**Aim of the task**
Write out the listing below in full and exactly, leaving out every picture.

**Data block**
● ● ● ●
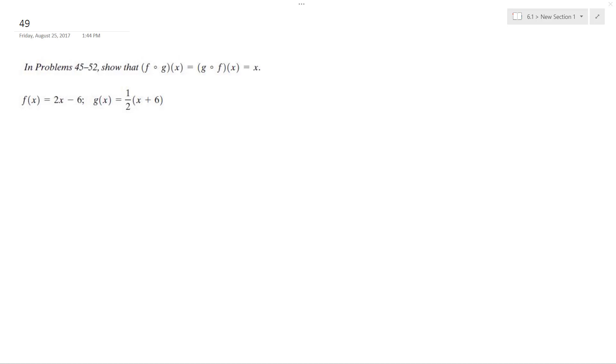So we want to prove that these are inverses of each other. We're going to do this by using composite functions.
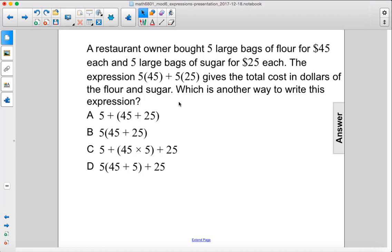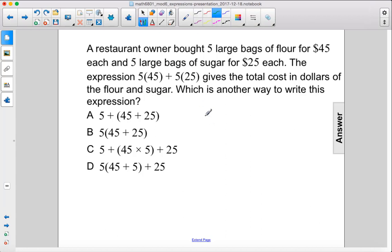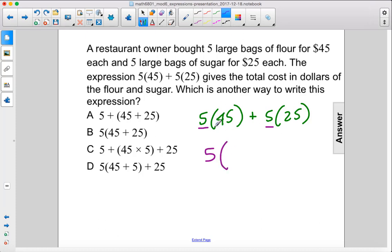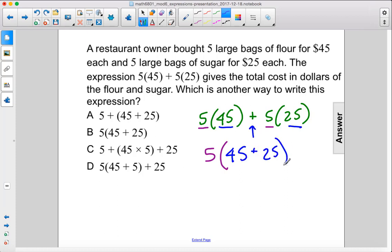Which is another way to write this expression? We can use our rules of distribution. We have 5 times 45 plus 5 times 25, and we can distribute out this 5. So we bring the 5 out front, and then we put whatever's left into the parentheses: 45 plus 25. So that is B.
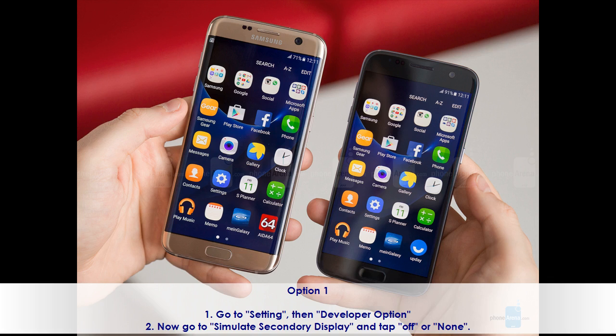Option 1. Go to Settings, then Developer Options. Now go to Simulate Secondary Display and tap Off or None.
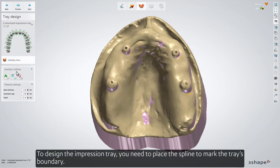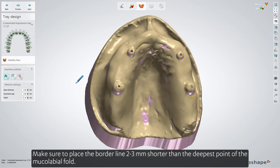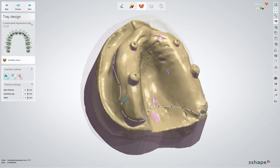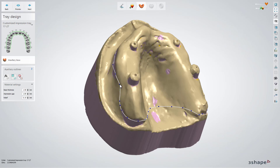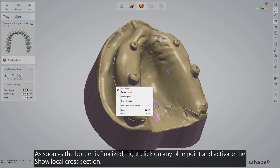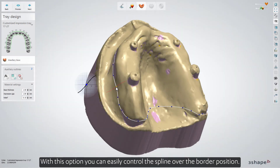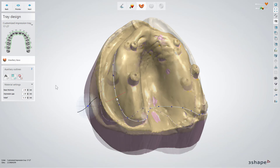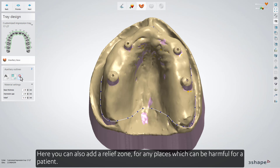To design the impression tray, you need to place the spline to mark the tray's boundary. Make sure to place the borderline 2-3mm shorter than the deepest point of the mucolabial fold. As soon as the border is finalized, right-click on any blue point and activate the Show Local Cross Section. With this option, you can easily control the spline over the border position. Here you can also add a relief zone for any places which can be harmful for a patient.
● ● ● ●
**Exercise output**
So we want to prove that these are inverses of each other. We're going to do this by using composite functions.
Which is another way to write this expression? We can use our rules of distribution. We have 5 times 45 plus 5 times 25, and we can distribute out this 5. So we bring the 5 out front, and then we put whatever's left into the parentheses: 45 plus 25. So that is B.
Option 1. Go to Settings, then Developer Options. Now go to Simulate Secondary Display and tap Off or None.
To design the impression tray, you need to place the spline to mark the tray's boundary. Make sure to place the borderline 2-3mm shorter than the deepest point of the mucolabial fold. As soon as the border is finalized, right-click on any blue point and activate the Show Local Cross Section. With this option, you can easily control the spline over the border position. Here you can also add a relief zone for any places which can be harmful for a patient.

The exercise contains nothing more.